It's been a 13-hour day.
It was off to the clinic an hour early this morning, so had to take a taxi. Luckily, we stopped the driver from taking us on a freeway in the opposite direction. We made it with just a few minutes of lost time.
Mom received an anti-naseau pill, along with two more (one for tonight and one for tomorrow morning). She was supposed to have two arms hooked up to an IV for the hydration fluids (2 - 500 ML bags N/S normal saline) but the right arm vein refused to participate so they had to use the vein in her hand (I hate those). Then, one arm was switched to stem cells... then Mannitol (says it "opens way for chemo") and another bag for hydration (1 - 500 ML bag H/D Hartmann's dex), an antihistamine, then the chemo (Cisplatin - 70 MG - half dose, 35 MG), and finally what is called "p53 gene therapy" via drip. This can cause a fever so they gave mom 500 MG of Bayer Aspirn in case one develops.
Mom, Jackie and Dawn all had to go to the Korea Cancer Center today (Jackie 2nd out of 3 Cyberknife treatments, Dawn CT scan and cradle-fitting for Wednesday's first of 12 IGRT treatments and mom's first day of 15 IGRT treatments).
Unfortunately, after we got there - Jackie delevoped chills and a fever (she also had the p53 gene therapy this morning).
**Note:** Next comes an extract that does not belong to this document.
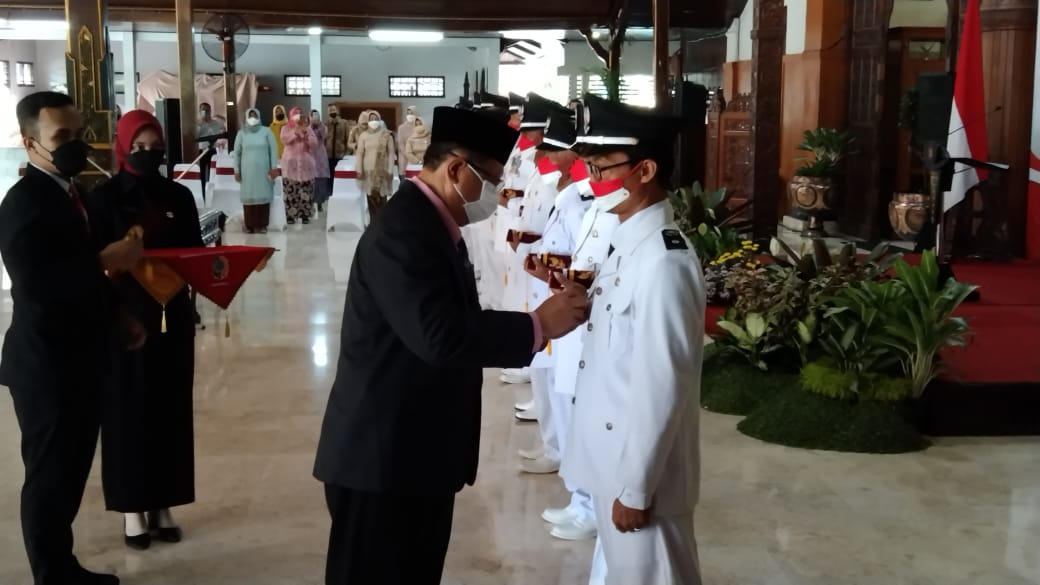Bupati Tulungagung, Maryoto Birowo memasang lencana pada Kepala Desa terpilih.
Cyberknife had to be canceled for her today and she had to go to St. Mary's Hospital in Doksan (same hospital that Erika is staying). So far, no fever for mom. Just a lovely 5 hours at the Cancer Center alone. Thank you Dawn and Dave for staying with us.
The day was long. It was also especially full of various treatments... stem cells, chemo, radiation and gene therapy. It's a lot for one person in one day. But the whole point is to concentrate on getting well. All there is to do all day long is to work at getting well. You look out of the window and say "yup, still in Korea" and go back to becoming well. It's a job. And like any job, do it to the best of your ability... and then give some more.